The November general election is weeks behind us, but some of the most important deadlines in selecting a new president come in December and January.
"Some of the key milestones that happen between Election Day and Inauguration Day include the county-level certification of results, the state-level certification results, and the actual Electoral College casting and transmission of those results to Congress," said Matthew Weil, the director of the Elections Project at the Bipartisan Policy Center.
Each state sets its own deadline for certifying the election results, and some states have no deadline at all. The process is designed to allow time for the lawsuits and recounts that we're seeing in 2020.

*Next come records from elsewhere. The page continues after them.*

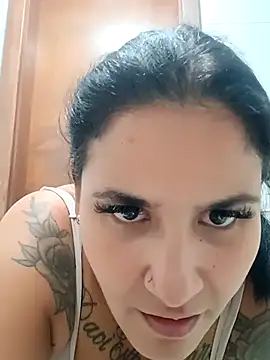 Snapshot of isapacheco69 chatting on February 23, 2026, 2:09 am isapacheco69 online show from February 23, 2026, 2:09 am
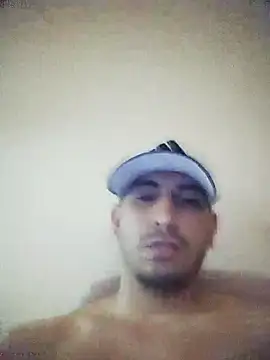 villamarinalvarez25 online show from October 20, 2025, 4:24 am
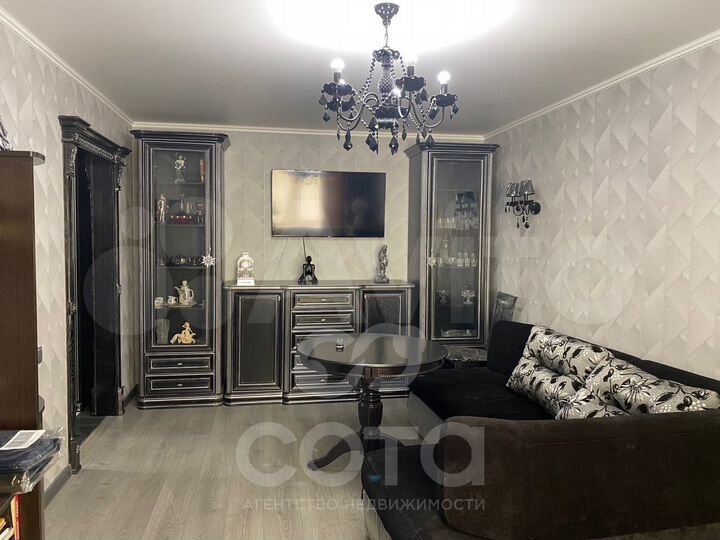 2-к. квартира, 58 м², 7/14 эт.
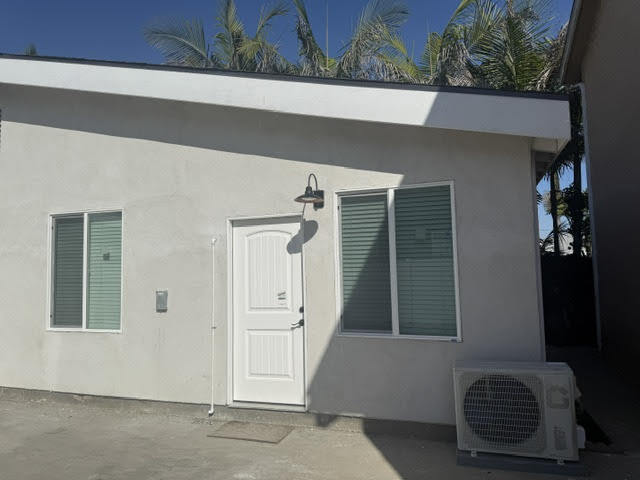 Building Photo - 1077 Euclid Ave Unit 5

"The electoral process is actually moving along quite normally. We've had these legal challenges that haven't added up to much. But the activities in every state are taking place, as usual," said Steven Smith, a professor of political science at Washington University in St. Louis.
Federal law sets Dec. 8 as the target date for all states to have their results finalized. That's called the Safe Harbor deadline.
"If a state has finalized their split of electors, they picked which candidate is going to get the electoral college votes by Dec. 8, then Congress won't challenge those votes," said Weil.
The next key milestone happens on Dec. 14. That's when electors in each state will meet in their respective capitals and formally cast their states' electoral votes. Those votes are transmitted to Washington, D.C., where the new Congress will vote to approve them on Jan. 6, 2021.
"Is there anything that can happen between Dec. 14 and Jan. 6 that can change the results?"
"No, not really. Once the electors' votes are cast, they're actually signed and sealed and sent to Washington and not opened until they get to the floor of the House of Representatives, where the House and the Senate then open those ballots and and have them counted," said Smith.